[STUDY MATERIAL]

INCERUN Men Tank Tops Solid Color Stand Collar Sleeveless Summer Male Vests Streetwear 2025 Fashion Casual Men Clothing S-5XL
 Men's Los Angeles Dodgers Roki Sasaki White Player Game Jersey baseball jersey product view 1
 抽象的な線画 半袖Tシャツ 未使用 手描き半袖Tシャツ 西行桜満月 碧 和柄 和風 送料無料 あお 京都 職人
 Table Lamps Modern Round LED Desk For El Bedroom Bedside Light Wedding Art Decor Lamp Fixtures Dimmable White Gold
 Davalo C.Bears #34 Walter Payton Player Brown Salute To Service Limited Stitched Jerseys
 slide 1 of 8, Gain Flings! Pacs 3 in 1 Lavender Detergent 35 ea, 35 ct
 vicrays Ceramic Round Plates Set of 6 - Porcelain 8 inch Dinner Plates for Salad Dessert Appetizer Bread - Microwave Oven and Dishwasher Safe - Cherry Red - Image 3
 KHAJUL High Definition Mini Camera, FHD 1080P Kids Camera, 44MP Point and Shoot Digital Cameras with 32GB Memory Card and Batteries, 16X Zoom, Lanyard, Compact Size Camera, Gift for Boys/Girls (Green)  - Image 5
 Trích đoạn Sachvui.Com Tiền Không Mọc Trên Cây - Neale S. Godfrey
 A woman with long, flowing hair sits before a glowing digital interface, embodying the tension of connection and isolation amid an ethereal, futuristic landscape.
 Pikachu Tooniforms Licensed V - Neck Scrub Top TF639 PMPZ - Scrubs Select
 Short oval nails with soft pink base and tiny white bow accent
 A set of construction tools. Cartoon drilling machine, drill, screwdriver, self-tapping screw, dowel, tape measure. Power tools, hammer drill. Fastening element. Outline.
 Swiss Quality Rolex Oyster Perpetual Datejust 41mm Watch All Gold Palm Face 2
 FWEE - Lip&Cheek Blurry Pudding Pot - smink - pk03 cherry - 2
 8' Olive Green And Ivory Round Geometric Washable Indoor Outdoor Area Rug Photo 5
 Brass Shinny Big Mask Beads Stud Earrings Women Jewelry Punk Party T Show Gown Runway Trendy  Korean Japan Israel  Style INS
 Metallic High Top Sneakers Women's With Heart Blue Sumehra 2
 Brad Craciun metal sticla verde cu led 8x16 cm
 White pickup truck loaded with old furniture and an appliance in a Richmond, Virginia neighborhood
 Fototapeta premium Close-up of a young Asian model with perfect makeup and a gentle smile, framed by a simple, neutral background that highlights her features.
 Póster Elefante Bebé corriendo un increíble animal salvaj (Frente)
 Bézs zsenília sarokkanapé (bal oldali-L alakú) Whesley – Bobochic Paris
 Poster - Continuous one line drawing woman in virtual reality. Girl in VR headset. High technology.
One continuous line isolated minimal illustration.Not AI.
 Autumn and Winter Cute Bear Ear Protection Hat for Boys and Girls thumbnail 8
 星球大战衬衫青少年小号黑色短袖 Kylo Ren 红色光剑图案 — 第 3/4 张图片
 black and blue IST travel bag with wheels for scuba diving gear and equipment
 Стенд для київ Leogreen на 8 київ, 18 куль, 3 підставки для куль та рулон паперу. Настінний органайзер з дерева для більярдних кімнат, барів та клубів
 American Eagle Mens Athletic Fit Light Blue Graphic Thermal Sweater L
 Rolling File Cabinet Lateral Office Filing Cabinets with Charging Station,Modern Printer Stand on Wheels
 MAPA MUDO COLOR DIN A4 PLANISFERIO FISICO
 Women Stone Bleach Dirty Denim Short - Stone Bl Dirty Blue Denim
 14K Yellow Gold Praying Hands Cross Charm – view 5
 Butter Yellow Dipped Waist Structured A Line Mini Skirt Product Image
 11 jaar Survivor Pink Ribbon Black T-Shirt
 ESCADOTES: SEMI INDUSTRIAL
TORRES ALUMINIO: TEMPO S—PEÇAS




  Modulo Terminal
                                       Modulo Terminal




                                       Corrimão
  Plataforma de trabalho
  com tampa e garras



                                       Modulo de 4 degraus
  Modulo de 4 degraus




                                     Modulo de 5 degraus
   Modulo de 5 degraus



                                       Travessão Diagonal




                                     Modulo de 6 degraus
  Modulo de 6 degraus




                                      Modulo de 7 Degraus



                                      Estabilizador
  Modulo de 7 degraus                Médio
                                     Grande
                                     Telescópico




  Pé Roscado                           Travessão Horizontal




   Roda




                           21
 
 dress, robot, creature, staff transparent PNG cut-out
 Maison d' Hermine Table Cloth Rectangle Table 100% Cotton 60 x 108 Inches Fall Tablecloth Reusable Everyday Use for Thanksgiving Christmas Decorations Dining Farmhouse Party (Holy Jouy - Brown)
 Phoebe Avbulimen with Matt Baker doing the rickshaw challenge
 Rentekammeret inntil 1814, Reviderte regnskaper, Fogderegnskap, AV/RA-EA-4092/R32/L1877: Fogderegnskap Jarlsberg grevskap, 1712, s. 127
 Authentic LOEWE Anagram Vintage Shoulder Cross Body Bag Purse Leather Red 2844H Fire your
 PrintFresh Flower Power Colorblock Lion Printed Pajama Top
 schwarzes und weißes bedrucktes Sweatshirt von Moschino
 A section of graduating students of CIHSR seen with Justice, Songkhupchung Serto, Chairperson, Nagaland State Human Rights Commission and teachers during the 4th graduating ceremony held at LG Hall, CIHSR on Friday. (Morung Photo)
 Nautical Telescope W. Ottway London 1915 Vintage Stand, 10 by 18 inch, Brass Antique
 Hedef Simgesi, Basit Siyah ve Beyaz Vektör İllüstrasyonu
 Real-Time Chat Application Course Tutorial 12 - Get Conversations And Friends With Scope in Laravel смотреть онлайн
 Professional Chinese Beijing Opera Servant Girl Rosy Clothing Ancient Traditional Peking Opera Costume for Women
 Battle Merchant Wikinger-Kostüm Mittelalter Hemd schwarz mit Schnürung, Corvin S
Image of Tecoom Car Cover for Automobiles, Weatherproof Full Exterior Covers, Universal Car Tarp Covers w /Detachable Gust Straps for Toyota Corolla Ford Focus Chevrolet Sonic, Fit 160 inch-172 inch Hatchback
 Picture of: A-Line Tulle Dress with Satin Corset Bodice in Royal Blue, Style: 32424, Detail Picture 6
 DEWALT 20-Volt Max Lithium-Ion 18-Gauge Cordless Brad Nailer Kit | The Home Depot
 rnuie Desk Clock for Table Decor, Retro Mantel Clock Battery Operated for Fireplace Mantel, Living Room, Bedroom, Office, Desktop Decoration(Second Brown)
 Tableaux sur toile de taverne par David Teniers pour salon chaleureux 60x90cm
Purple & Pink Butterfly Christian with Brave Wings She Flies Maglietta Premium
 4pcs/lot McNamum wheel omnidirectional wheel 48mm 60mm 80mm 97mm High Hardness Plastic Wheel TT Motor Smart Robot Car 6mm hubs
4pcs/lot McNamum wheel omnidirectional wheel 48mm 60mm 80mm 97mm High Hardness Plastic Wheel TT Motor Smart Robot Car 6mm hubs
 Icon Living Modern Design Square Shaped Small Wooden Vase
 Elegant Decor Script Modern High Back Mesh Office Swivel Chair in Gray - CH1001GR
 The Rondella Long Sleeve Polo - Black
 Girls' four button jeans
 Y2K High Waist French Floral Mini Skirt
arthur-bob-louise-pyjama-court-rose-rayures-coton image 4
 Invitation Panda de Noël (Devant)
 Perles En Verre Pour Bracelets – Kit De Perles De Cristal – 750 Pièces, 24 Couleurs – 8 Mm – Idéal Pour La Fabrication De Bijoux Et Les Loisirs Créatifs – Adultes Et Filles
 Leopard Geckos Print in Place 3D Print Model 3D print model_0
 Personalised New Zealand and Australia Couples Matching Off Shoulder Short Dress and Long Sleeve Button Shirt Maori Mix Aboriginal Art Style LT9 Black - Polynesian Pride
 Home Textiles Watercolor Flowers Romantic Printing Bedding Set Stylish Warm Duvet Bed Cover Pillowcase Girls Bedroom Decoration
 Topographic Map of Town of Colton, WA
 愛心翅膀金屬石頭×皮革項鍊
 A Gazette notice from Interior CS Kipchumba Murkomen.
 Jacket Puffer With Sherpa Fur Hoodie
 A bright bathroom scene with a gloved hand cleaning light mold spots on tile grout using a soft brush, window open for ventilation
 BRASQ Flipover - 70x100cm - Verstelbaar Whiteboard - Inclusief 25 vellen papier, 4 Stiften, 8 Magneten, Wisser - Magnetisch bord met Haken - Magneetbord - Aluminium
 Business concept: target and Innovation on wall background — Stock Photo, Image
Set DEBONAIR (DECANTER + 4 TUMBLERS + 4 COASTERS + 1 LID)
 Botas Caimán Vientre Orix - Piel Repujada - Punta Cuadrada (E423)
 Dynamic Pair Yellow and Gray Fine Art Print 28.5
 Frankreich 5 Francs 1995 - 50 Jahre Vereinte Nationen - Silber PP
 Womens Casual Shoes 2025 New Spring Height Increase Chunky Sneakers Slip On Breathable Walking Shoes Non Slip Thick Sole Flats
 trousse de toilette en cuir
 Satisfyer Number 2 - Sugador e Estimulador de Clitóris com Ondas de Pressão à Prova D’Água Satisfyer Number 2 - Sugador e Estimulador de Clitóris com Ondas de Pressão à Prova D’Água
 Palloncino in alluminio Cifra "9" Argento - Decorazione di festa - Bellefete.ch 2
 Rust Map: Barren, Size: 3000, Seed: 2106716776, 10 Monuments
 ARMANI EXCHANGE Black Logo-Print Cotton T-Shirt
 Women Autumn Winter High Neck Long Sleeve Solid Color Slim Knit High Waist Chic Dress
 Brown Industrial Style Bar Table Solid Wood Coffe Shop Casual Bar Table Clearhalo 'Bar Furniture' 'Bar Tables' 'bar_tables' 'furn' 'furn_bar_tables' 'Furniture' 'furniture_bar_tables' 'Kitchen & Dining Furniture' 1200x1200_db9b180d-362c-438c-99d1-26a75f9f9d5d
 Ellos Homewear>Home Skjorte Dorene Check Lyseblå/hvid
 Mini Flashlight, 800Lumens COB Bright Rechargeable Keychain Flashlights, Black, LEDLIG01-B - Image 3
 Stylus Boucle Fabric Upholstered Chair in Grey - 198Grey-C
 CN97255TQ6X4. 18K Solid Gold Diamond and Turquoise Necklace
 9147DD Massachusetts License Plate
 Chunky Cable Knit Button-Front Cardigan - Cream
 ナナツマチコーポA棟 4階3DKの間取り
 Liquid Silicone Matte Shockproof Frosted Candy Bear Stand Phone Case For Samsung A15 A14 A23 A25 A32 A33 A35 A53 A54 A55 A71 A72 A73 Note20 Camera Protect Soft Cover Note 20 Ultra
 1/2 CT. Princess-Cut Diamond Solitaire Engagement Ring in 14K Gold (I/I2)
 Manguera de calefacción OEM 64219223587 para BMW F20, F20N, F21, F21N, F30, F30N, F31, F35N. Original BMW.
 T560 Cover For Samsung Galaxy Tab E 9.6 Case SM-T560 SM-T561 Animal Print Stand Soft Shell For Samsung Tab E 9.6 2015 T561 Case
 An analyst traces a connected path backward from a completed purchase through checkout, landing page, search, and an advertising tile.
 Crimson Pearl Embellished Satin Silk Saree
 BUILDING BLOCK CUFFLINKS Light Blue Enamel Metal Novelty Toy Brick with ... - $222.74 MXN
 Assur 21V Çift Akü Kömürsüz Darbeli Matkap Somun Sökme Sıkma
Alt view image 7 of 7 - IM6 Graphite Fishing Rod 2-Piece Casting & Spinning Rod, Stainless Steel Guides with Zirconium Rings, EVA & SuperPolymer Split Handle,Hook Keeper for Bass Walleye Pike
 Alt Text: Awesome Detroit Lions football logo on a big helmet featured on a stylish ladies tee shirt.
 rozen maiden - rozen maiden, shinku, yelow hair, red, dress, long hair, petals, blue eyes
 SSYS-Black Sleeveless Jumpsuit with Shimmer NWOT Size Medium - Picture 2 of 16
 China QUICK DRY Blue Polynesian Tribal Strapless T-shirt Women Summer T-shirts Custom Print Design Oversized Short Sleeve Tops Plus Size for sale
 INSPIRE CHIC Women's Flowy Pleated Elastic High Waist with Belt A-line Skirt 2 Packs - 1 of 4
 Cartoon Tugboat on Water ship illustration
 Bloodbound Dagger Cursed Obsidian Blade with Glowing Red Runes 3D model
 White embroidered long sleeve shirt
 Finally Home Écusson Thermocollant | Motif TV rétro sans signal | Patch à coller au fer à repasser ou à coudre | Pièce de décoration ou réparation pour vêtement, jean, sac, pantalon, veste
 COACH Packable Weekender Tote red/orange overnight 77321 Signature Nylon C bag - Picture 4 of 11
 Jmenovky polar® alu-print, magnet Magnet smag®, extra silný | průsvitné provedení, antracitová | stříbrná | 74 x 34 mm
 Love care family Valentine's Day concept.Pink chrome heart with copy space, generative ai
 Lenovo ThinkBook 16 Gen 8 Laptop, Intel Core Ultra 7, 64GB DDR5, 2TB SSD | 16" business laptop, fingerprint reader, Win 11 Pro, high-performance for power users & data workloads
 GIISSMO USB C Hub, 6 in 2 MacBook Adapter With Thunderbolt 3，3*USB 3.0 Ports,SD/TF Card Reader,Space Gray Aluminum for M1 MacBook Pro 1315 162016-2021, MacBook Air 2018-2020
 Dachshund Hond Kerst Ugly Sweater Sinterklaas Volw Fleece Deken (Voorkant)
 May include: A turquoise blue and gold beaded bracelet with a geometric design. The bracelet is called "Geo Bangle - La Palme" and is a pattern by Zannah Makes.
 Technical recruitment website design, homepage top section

[/STUDY MATERIAL]

TASK ITEM:
Go through the entries above and copy each line holding the string "Dining".

WRITTEN RESPONSE:
 Maison d' Hermine Table Cloth Rectangle Table 100% Cotton 60 x 108 Inches Fall Tablecloth Reusable Everyday Use for Thanksgiving Christmas Decorations Dining Farmhouse Party (Holy Jouy - Brown)
 Brown Industrial Style Bar Table Solid Wood Coffe Shop Casual Bar Table Clearhalo 'Bar Furniture' 'Bar Tables' 'bar_tables' 'furn' 'furn_bar_tables' 'Furniture' 'furniture_bar_tables' 'Kitchen & Dining Furniture' 1200x1200_db9b180d-362c-438c-99d1-26a75f9f9d5d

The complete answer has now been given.